During the 2008 Presidential Election I had a quite a few conversations with a friend of mine who was not an Obama supporter. She wasn't a McCain supporter. She's one of the most anti-war people I know. She didn't want either of them to be President. After I finished choking on my own saliva, I tried to explain to her that the choice she was trying to make didn't exist; that in the American system (she's not a citizen, begging the question, "why was it so important that I convince her?"; to understand that, you probably have to be me), you don't have to get a majority of the votes, you just have to get more votes than anyone else got (and not even that thanks to the electoral college). I don't think this changed her mind, but it definitely surprised her.

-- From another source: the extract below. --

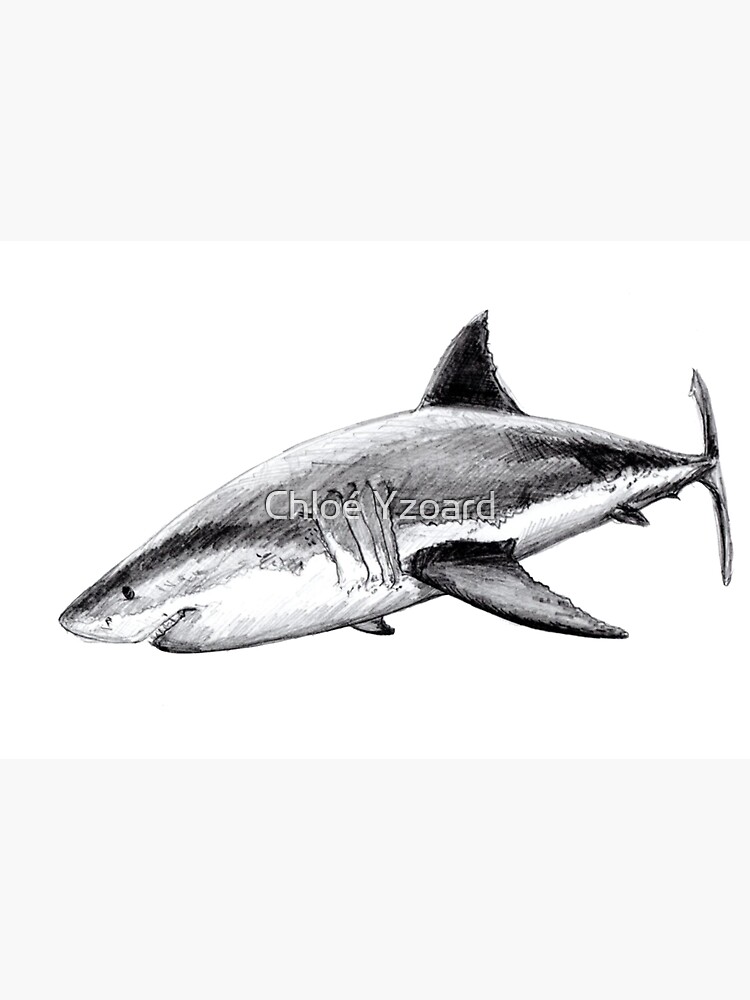 Great white shark by CHLOEYZOARD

I've long suspected that America needs an instant run-off election: anyone who wants to runs, and if no one gets 51% of the vote, the top two face off again. You can vote for Nader/Paul the first time around to ease your conscience. Then, when he comes in third, you can vote for Gore/McCain to save us all from Bush/Obama. Everybody wins (except Nader, but I count that as a good). Really, though, we already have that. We have primaries. Granted, Ralph Nader has never run in a Democratic primary, but Dennis Kucinich has, and I can't believe that those two wouldn't get along famously, assuming they don't already. Similarly, Ron Paul and Pat Buchanan have run in recent Republican primaries. Why should third-partiers continue to cry foul just because it's called "the Democratic Primary" or "the Republican Primary" instead of "the Presidential Election"? If your gal/guy is actually the best choice (in a way that 150 million + 1 Americans can agree on), why should it matter?

Process is important. I would love to live in a world where I believed that our country had a perfect system for choosing its leaders and making its policies. I don't live in that world. I (we) live in the world we have and, in that world, outcomes are also important. It took the Democratic Party 8 months to agree with itself what the health care bill should look like. That is not the hallmark of an single-party regime steam-rolling all dissent. It is the sign of a deliberative process considering every idea minus two:

a) doing nothing
b) anything people who call themselves (R) don't vote for is a bad idea because, hey, they call themselves (R).

If bipartisanship actually means something, it should mean more than (b).